Le sang des gestes, de Bernard Aspe

Publié le 19 décembre 2010 par Onarretetout

Une revue à publication annuelle est actuellement ma lecture quasi quotidienne. Je vais donc y revenir plusieurs fois ces jours prochains.

Il s’agit de la revue Grumeaux, publiée par les Editions NOUS. Son numéro Deux traite de l’Impossible. On y trouve des textes d’oulipiens (Jacques Jouet, Frédéric Forte), un CD, des dessins, des poèmes, une pièce de théâtre, des textes philosophiques, et un extrait de roman inédit. Ce sont ces derniers textes dont il sera question prochainement dans ce blog.

Et, pour commencer, Bernard Aspe propose un texte intitulé « Le sang des gestes », une citation de René Char. Je vous en donne ici un extrait :

Ce n’est que pour quelques physiciens et pour les contemplateurs de l’Idée que le temps « n’est » rien, et que peut dès lors être promise l’immortalité – même si ce n’est que l’immortalité un peu grise des œuvres de la culture, ou celle de l’histoire des découvertes de la Science. Les autres s’accorderont volontiers sur le constat inverse : le temps « est » bien quelque chose, et ce quelque chose s’éprouve plus que jamais comme pression, précipitation, urgence.
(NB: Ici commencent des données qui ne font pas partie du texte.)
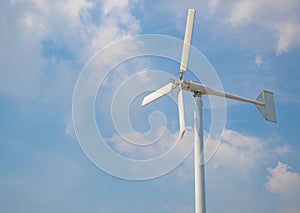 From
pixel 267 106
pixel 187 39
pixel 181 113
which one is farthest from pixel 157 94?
pixel 267 106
Mais, curieusement, ils accompagneront ce constat d’un autre énoncé, d’un autre constat tout aussi imparable : « je n’ai pas le temps. » La réussite du capital ne tient pas à l’atomisation des individus, mais à ceci qu’il réussit chaque jour, pour chacun, à transformer « le temps presse » en « je n’ai pas le temps. » Si les sujets, aujourd'hui, ne sont pas dans la lutte, ce n'est pas que cette dernière ne serait pas à leurs yeux justifiée, ce n'est même pas d'abord parce qu'ils auraient peur de ses conséquences, c'est avant tout parce qu'ils n'ont pas le temps de la mener.

(…)

Il y a un sentiment ou une impression d'imminence, qui correspond à l'état autour duquel s'organise la forme même de la vie heureuse.

L'homme heureux dit : « plus tard c'est maintenant. » C'est maintenant le temps du danger, maintenant le temps du bonheur. C'est maintenant qu'il y a un acte, donc un risque (...)

Le temps presse, nous sommes de ce temps.

Qu'on me permette l'observation suivante :  chacun comprend bien la différence de posture entre « je n’ai pas le temps » et « le temps presse », mais Bernard Aspe ajoute une autre nuance que je veux ici souligner. La dernière phrase de son texte dit : « Le temps presse, nous sommes de ce temps ». Ainsi il passe d'un rapport d'avoir à celui d'être, d'avoir (ou non) le temps à être de ce temps.